Ich versuche den Gedankengang meines Gegenübers zu nachvollziehen und stelle daher inspiriert von Statistik eine Gleichung auf, bei der als Ergebnis auf jeden Fall „Österreicherin“ rauskommen muss. Die Variablen, die der Frau bekannt sind und daher für die Gleichung in Frage kommen sind lediglich meine Sprache und mein Aussehen. Irgendwas in dieser Gleichung ist offensichtlich falsch und führt daher nicht zum Ergebnis „Österreicherin“. Wenn ich mich im Hörsaal umschaue gibt es einige Studentinnen, die die gleichen Körpermerkmale aufweisen wie ich. Als exotisch kann ich daher nicht gelten. Selbst wenn ich mich stark von der Menge unterscheiden würde, welchen Einfluss hätte das denn? Gibt es sowas wie DIE Österreicherin, die sich von ALLEN Frauen anderer Nationalitäten hinreichend unterscheidet und somit stets als Österreicherin erkennbar ist? Wenn ja, wie hat sie denn auszusehen, diese weibliche Artgenossin des Homo Austriacus? Das kann es also nicht sein. Ich gehe weiter zur nächsten Variable: die Sprache. Ich bin in Stadt Salzburg geboren und aufgewachsen, habe dort auch maturiert. Ist das, was in Salzburg geredet wird, nicht Deutsch? Nein, das kann es auch nicht sein. Was ist denn jetzt falsch in dieser Gleichung? Ist es vielleicht mein Name, der ihr meine türkischen Wurzeln verrät und sie trotz meiner österreichischen Nationalität daran hindert, mich als Österreicherin zu akzeptieren? Sümeyra. Verwickeltes Blatt soll er auf Arabisch bedeuten. Nun, der Name hat mich schon in manch unangenehme Situationen verwickelt, wie etwa in Israel am Flughafen als ich aufgrund meines arabischen Namens eine besondere Aufmerksamkeit der Autoritäten auf mich zog und wegen der erweiterten Sicherheitskontrolle fast meinen Flug verpasste... aber Moment! Sie weiß doch gar nicht wie ich heiße. Schade, das wird es dann wohl auch nicht sein. Hmm...

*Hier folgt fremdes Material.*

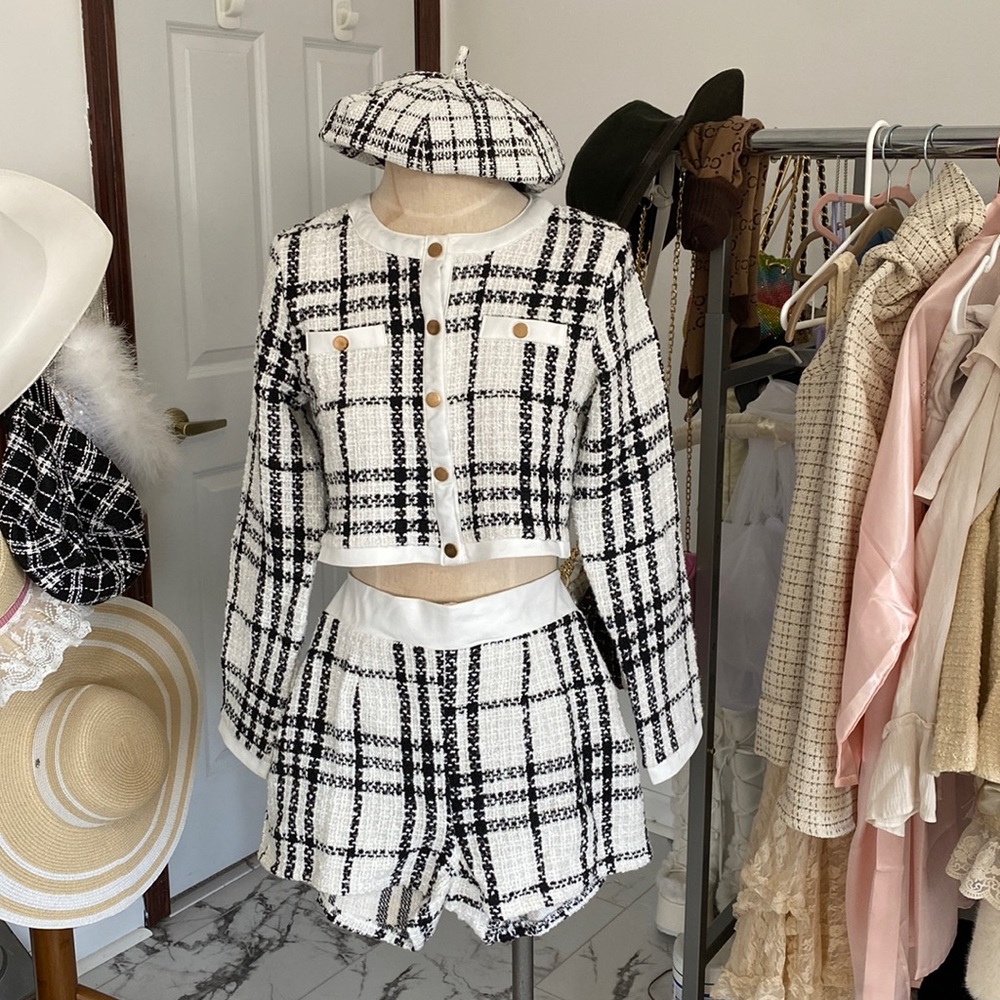 White and Black Tweed Set Jacket & Shorts with Hat French Beret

Vielleicht ist das Problem ja weniger ein mathematisches sondern eher ein linguistisches, denke ich mir. „Sie sind keine Österreicherin, oder?“ Die Frage erscheint mir etwas knifflig. Denn sie fragt nicht „Sind sie Österreicherin?“ sondern geht direkt von der Annahme aus, dass ich keine Österreicherin bin. Mit einer Prise Unsicherheit kommt dann doch noch ein „oder?“ hinzu, was die Aussage an der letzten Ausfahrt vor der Xenophobie noch zu einer Frage umwandelt (wenn auch zu einer für mich sehr beschwerlichen). Vielleicht erkenne ich die Besonderheit, wenn ich die Frage rückwärts analysiere: „Oder Österreicherin keine sind sie?“ So ergibt sie noch weniger Sinn. Vielleicht muss ich einen Kopfstand machen, damit ich die Frage klarer verarbeiten kann. Vielleicht muss jemand dieser Frau ihre Welt auf den Kopf stellen, damit sie nicht mehr solche Fragen stellt. Ich weiß nicht was die optimale Lösung ist.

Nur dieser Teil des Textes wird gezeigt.